TASK ITEM
Return all lines of the records that contain the word "with".

Saved entries
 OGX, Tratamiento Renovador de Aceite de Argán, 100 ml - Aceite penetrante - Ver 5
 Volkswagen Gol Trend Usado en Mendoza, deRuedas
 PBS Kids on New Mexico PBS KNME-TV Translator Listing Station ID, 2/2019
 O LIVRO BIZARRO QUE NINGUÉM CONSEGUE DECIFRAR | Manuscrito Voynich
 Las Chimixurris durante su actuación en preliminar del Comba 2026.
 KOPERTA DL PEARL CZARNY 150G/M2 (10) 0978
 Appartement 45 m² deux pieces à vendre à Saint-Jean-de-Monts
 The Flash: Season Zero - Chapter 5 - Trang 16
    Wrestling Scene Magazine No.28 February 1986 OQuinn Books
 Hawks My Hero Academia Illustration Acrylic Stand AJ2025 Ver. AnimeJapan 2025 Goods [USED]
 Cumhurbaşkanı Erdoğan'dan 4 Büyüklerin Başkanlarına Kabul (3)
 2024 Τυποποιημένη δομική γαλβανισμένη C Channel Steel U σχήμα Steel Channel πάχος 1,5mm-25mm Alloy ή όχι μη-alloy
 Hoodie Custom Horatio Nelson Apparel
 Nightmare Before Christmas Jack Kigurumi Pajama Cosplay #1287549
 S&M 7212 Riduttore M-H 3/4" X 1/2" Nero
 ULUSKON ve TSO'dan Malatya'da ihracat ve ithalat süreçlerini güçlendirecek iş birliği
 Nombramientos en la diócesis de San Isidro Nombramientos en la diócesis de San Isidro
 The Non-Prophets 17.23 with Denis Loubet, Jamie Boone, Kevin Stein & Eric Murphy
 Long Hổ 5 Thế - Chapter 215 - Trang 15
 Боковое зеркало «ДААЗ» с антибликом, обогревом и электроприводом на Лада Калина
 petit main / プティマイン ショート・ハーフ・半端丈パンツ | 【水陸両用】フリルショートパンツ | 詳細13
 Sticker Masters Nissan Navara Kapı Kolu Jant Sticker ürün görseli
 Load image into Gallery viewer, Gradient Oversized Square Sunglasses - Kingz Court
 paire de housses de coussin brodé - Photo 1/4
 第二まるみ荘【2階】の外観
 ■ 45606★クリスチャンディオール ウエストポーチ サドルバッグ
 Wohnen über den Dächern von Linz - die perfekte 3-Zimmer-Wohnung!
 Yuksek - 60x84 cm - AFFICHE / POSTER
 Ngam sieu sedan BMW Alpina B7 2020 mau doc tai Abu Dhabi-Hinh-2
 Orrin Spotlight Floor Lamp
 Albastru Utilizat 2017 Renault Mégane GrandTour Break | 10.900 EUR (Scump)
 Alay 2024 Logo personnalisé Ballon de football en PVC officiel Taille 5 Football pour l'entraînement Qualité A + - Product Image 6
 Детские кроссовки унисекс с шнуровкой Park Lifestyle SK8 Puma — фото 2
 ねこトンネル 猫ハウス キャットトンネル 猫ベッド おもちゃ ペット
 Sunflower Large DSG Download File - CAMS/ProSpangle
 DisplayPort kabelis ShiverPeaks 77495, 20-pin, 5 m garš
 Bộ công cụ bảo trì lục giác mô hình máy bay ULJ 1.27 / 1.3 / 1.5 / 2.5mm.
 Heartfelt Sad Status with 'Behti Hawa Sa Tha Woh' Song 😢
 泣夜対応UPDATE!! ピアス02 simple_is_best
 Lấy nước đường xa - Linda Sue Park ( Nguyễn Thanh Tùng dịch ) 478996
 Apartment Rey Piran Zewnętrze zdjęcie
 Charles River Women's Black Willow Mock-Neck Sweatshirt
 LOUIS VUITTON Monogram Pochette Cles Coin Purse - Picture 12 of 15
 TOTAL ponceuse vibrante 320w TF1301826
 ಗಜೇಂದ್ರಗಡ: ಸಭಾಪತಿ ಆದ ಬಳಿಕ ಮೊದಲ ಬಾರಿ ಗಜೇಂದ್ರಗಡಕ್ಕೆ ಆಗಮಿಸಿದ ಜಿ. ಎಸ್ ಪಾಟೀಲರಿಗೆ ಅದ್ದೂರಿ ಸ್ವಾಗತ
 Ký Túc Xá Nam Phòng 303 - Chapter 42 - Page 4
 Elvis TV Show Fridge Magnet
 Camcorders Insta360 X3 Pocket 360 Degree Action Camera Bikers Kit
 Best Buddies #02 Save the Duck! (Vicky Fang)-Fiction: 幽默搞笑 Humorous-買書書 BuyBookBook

ANSWER SPACE
 The Non-Prophets 17.23 with Denis Loubet, Jamie Boone, Kevin Stein & Eric Murphy
 Heartfelt Sad Status with 'Behti Hawa Sa Tha Woh' Song 😢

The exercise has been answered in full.